(REQUIREMENT):
Nothing in the copy should be a picture; everything else in the listing is to be restated exactly.

BEGIN

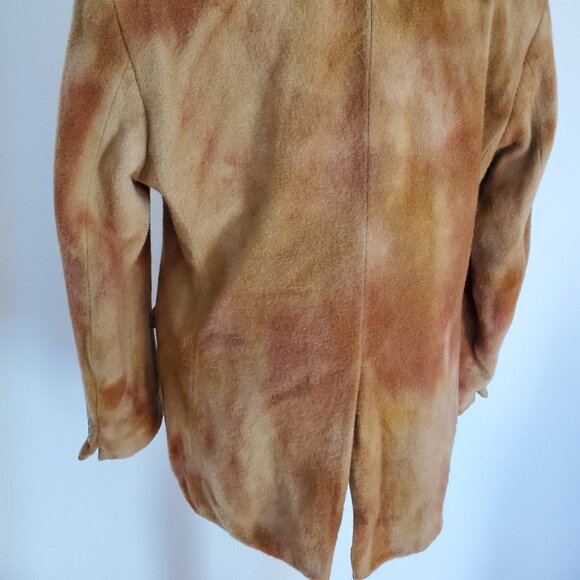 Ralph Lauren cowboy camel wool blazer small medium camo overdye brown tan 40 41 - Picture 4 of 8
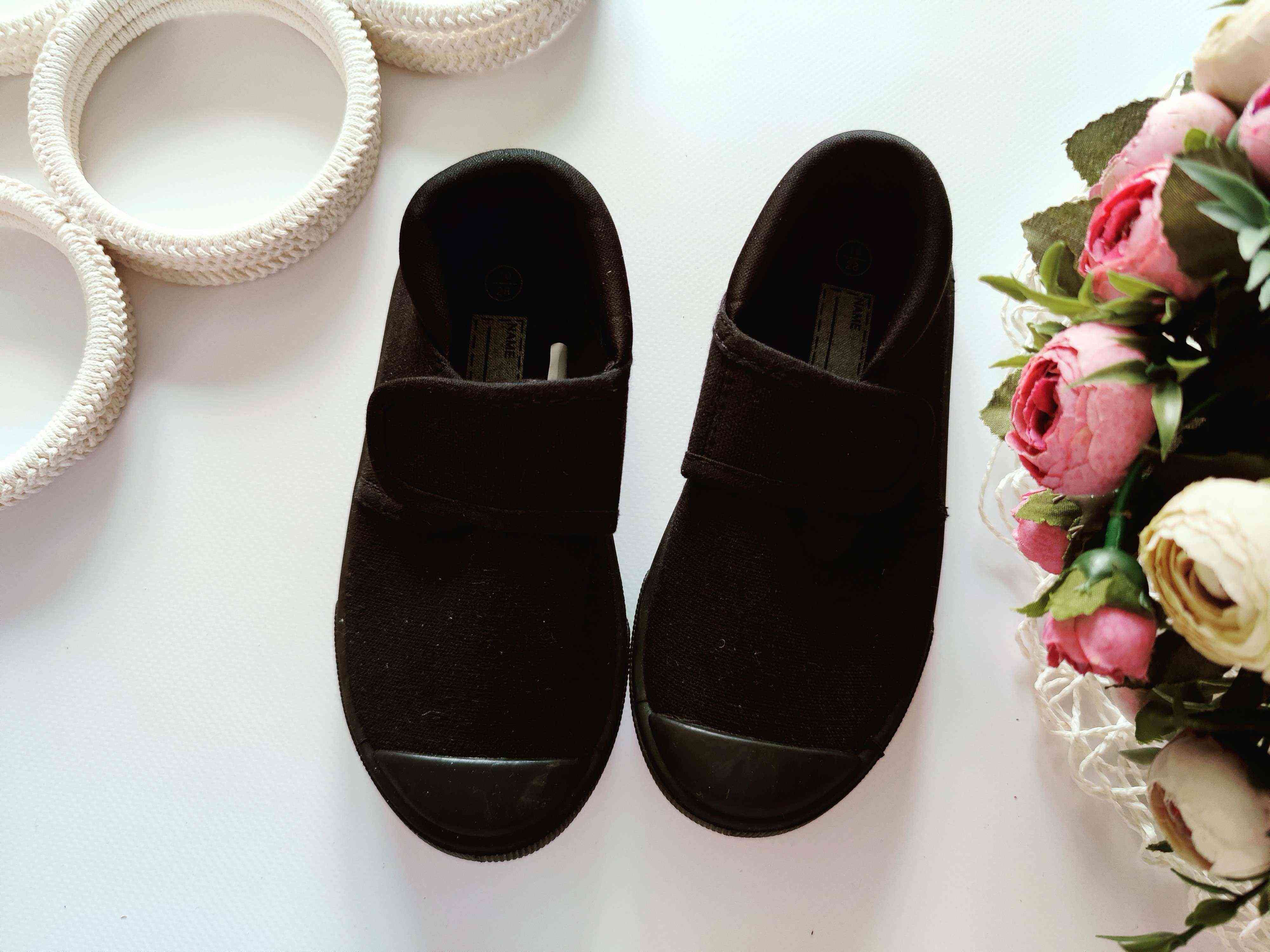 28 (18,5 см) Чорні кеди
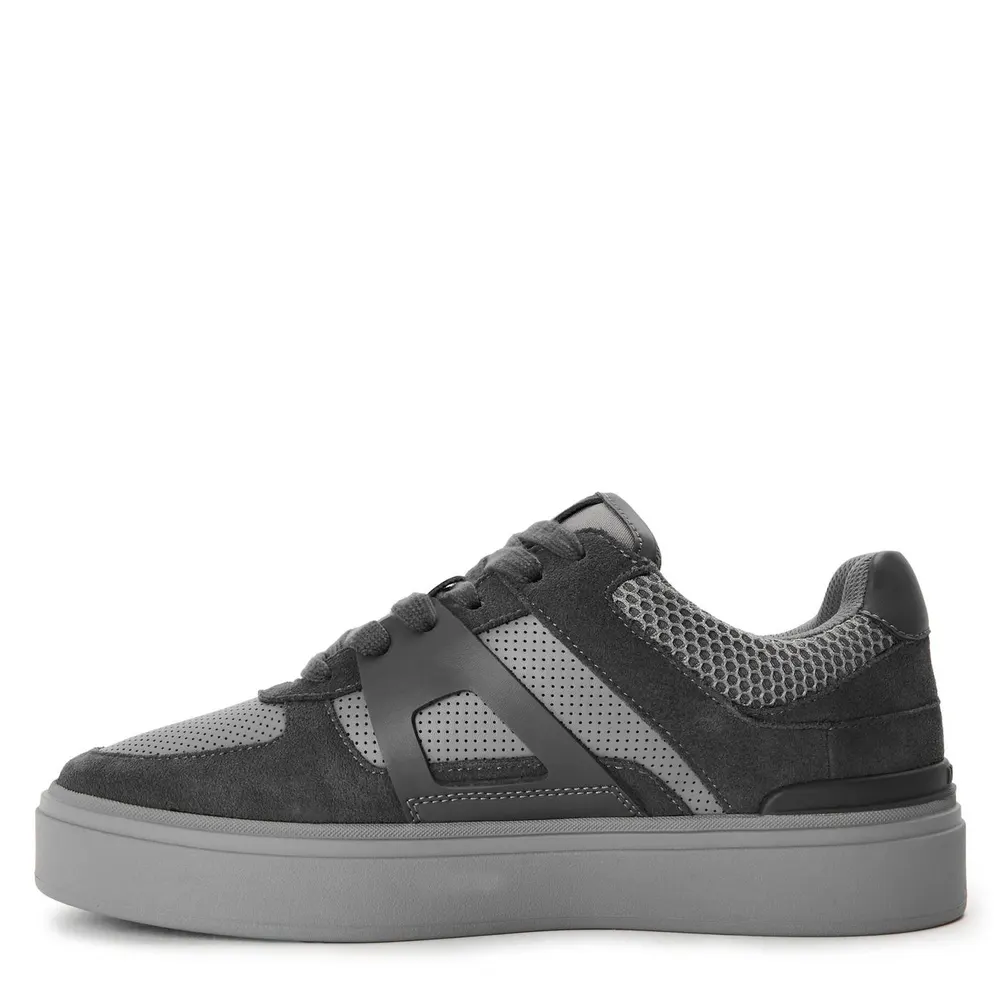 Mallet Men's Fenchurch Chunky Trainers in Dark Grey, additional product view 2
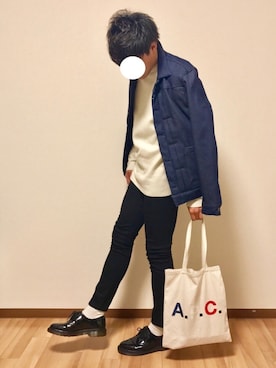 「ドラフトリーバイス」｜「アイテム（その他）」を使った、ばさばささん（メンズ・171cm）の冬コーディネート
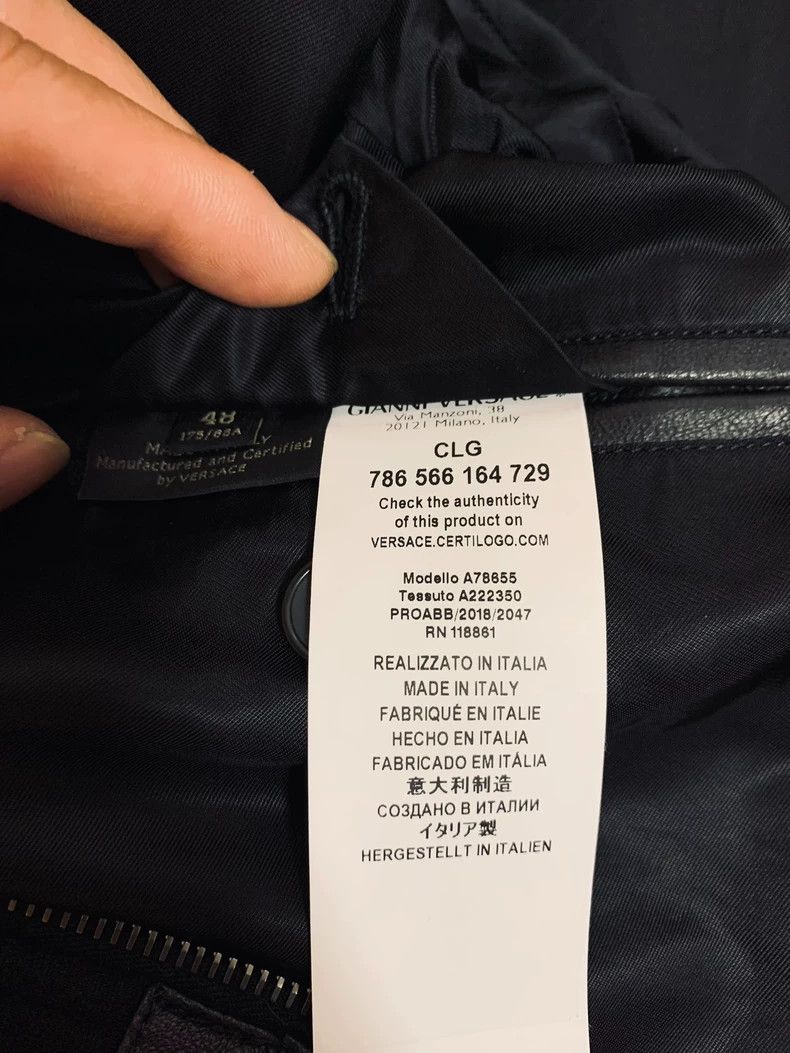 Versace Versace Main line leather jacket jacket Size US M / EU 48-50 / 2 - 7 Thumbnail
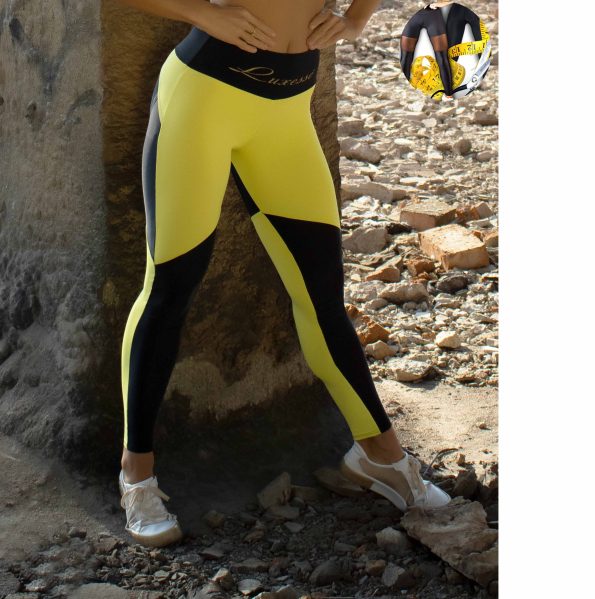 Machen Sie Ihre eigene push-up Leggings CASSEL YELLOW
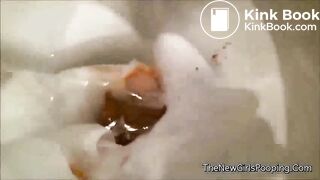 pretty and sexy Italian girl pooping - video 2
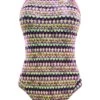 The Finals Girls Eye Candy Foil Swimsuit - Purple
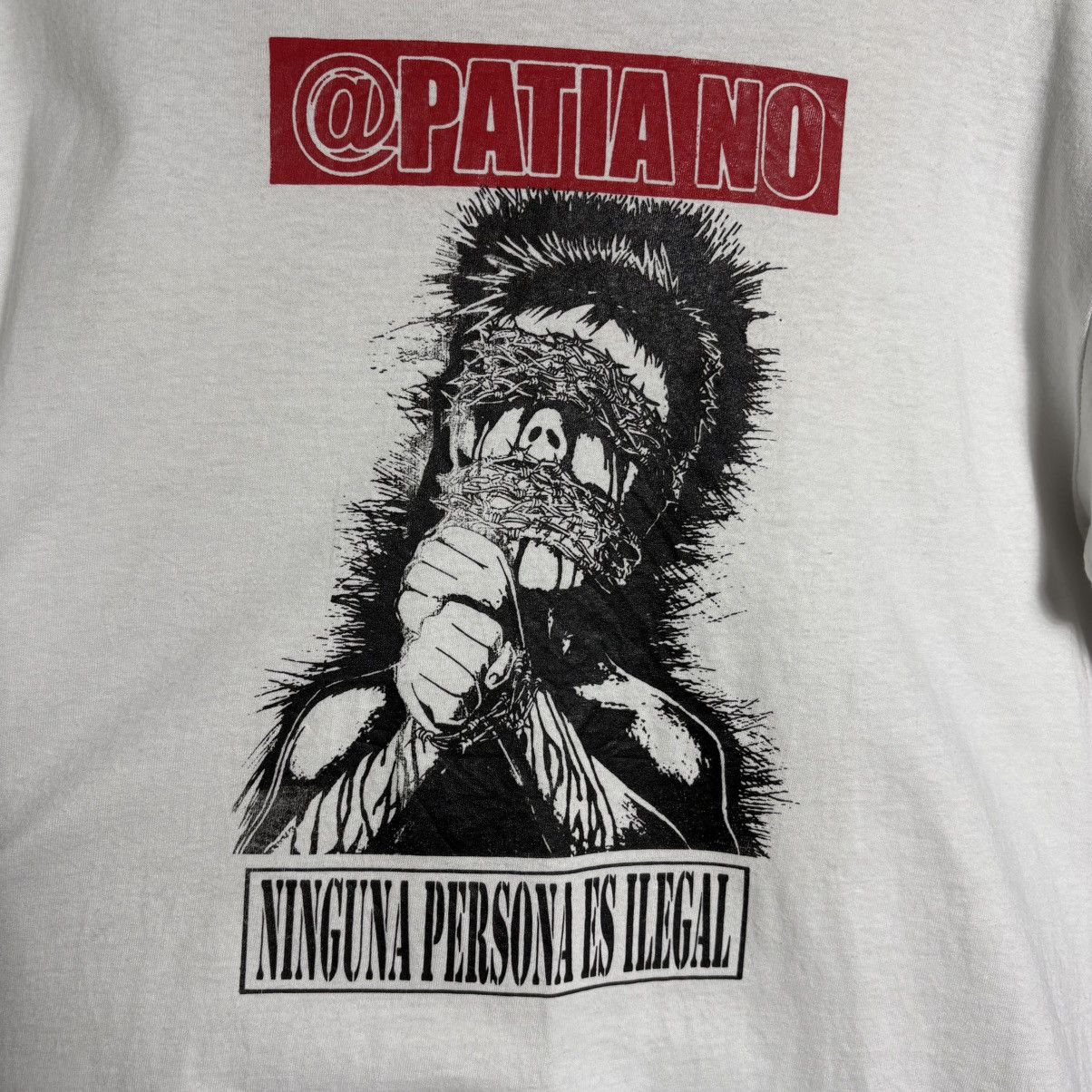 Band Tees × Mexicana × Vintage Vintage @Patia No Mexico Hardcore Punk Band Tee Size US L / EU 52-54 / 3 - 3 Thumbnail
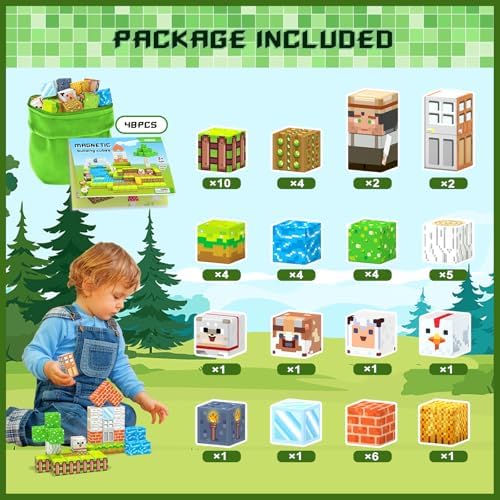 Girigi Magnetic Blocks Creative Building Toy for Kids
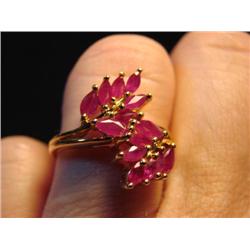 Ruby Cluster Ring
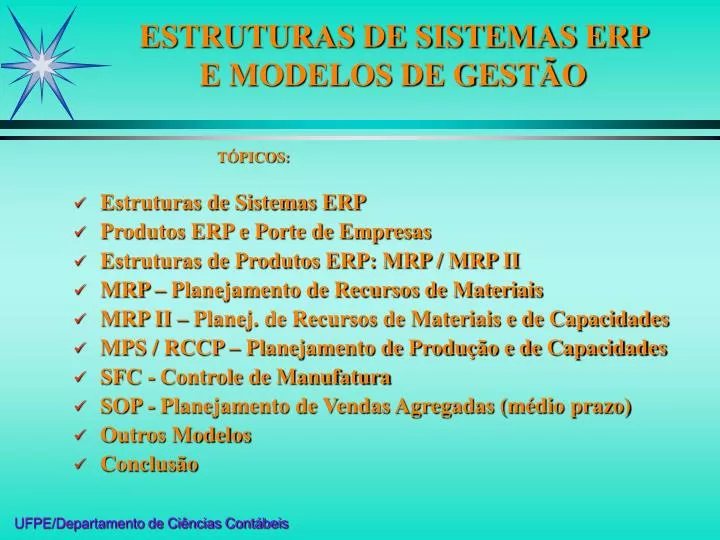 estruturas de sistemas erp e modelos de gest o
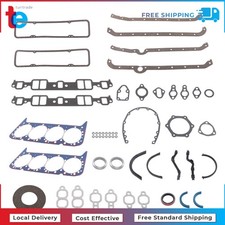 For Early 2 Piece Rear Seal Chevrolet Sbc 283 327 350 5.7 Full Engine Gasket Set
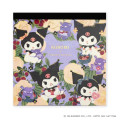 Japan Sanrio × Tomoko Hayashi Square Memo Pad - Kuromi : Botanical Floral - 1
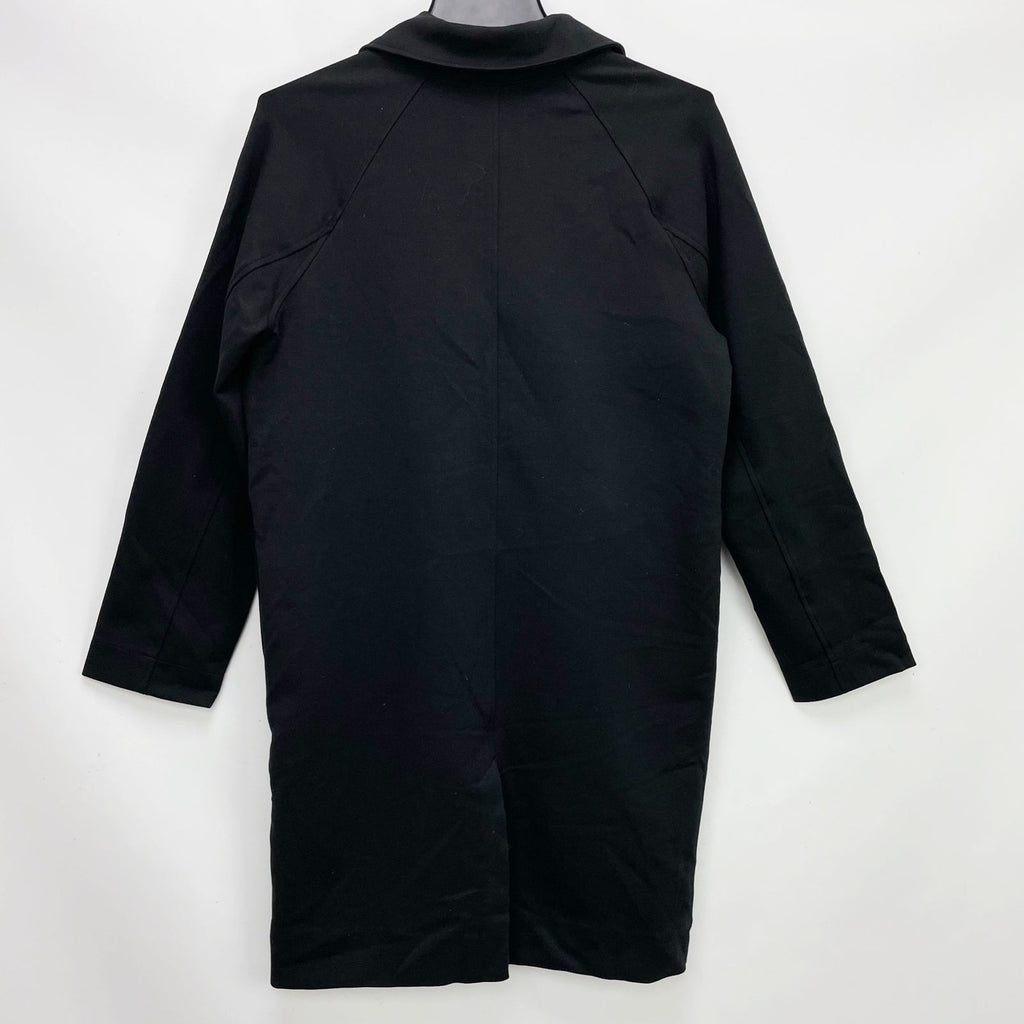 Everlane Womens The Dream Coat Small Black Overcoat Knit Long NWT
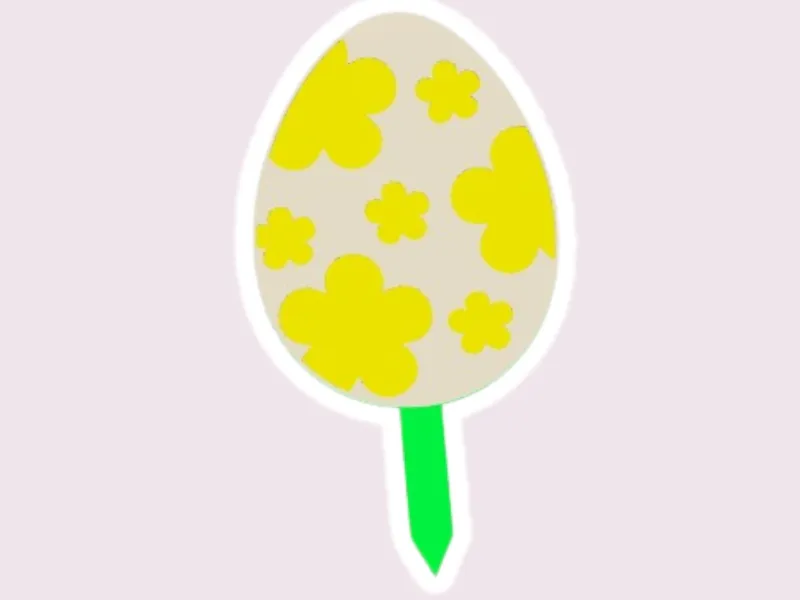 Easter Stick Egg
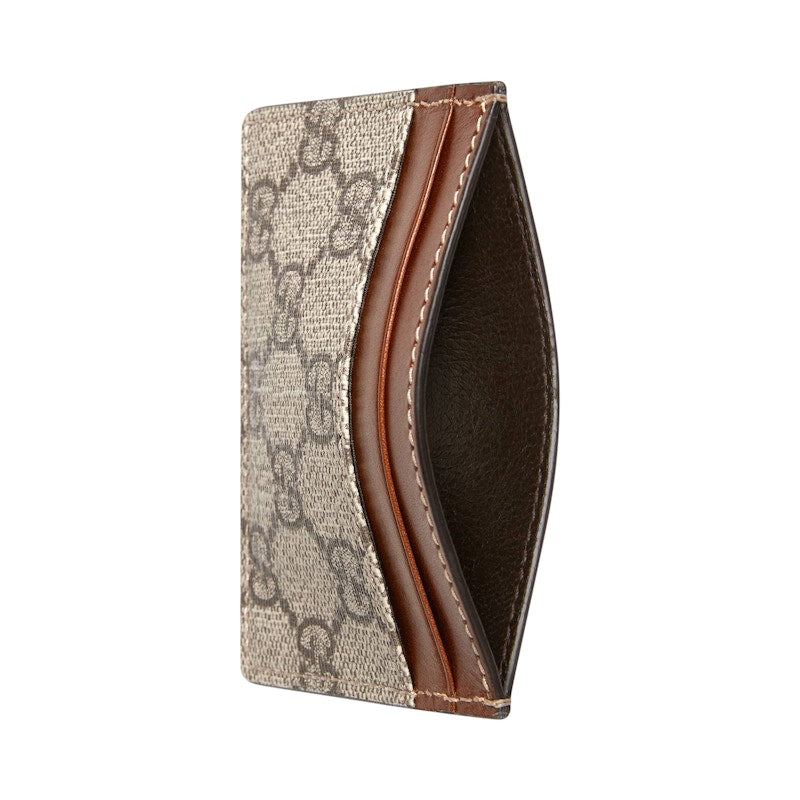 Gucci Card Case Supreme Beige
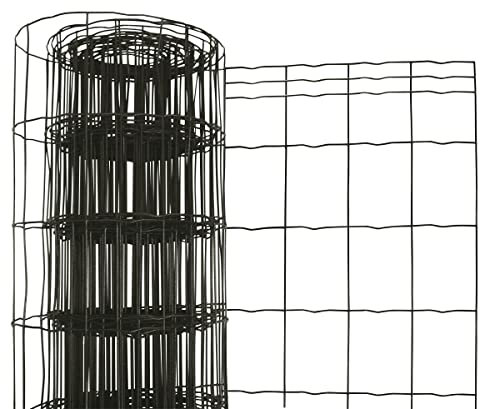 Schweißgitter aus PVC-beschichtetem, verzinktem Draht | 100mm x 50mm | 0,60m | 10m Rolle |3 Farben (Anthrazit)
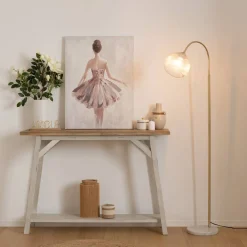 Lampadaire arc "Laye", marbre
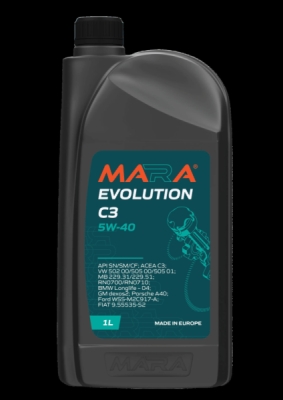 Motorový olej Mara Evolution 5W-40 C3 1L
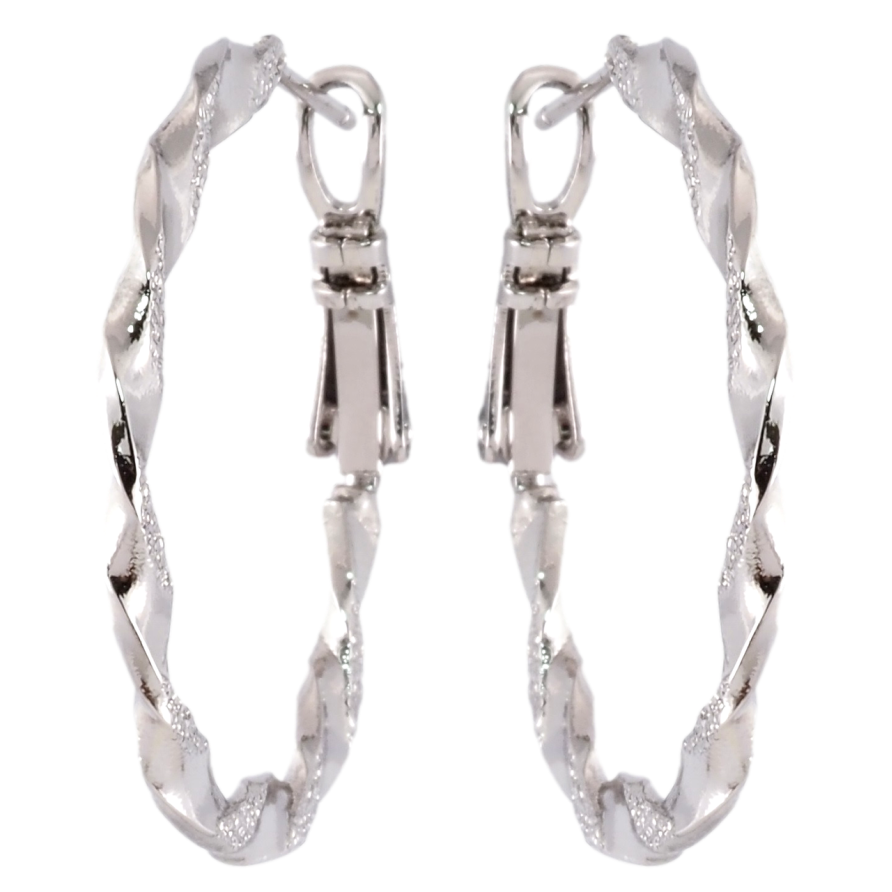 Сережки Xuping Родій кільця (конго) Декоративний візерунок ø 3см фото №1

END

(ANSWER FOR THIS EXERCISE):
 Ralph Lauren cowboy camel wool blazer small medium camo overdye brown tan 40 41 - Picture 4 of 8
 28 (18,5 см) Чорні кеди
 Mallet Men's Fenchurch Chunky Trainers in Dark Grey, additional product view 2
 「ドラフトリーバイス」｜「アイテム（その他）」を使った、ばさばささん（メンズ・171cm）の冬コーディネート
 Versace Versace Main line leather jacket jacket Size US M / EU 48-50 / 2 - 7 Thumbnail
 Machen Sie Ihre eigene push-up Leggings CASSEL YELLOW
 pretty and sexy Italian girl pooping - video 2
 The Finals Girls Eye Candy Foil Swimsuit - Purple
 Band Tees × Mexicana × Vintage Vintage @Patia No Mexico Hardcore Punk Band Tee Size US L / EU 52-54 / 3 - 3 Thumbnail
 Girigi Magnetic Blocks Creative Building Toy for Kids
 Ruby Cluster Ring
 estruturas de sistemas erp e modelos de gest o
 For Early 2 Piece Rear Seal Chevrolet Sbc 283 327 350 5.7 Full Engine Gasket Set
 Japan Sanrio × Tomoko Hayashi Square Memo Pad - Kuromi : Botanical Floral - 1
 Everlane Womens The Dream Coat Small Black Overcoat Knit Long NWT
 Easter Stick Egg
 Gucci Card Case Supreme Beige
 Schweißgitter aus PVC-beschichtetem, verzinktem Draht | 100mm x 50mm | 0,60m | 10m Rolle |3 Farben (Anthrazit)
 Lampadaire arc "Laye", marbre
 Motorový olej Mara Evolution 5W-40 C3 1L
 Сережки Xuping Родій кільця (конго) Декоративний візерунок ø 3см фото №1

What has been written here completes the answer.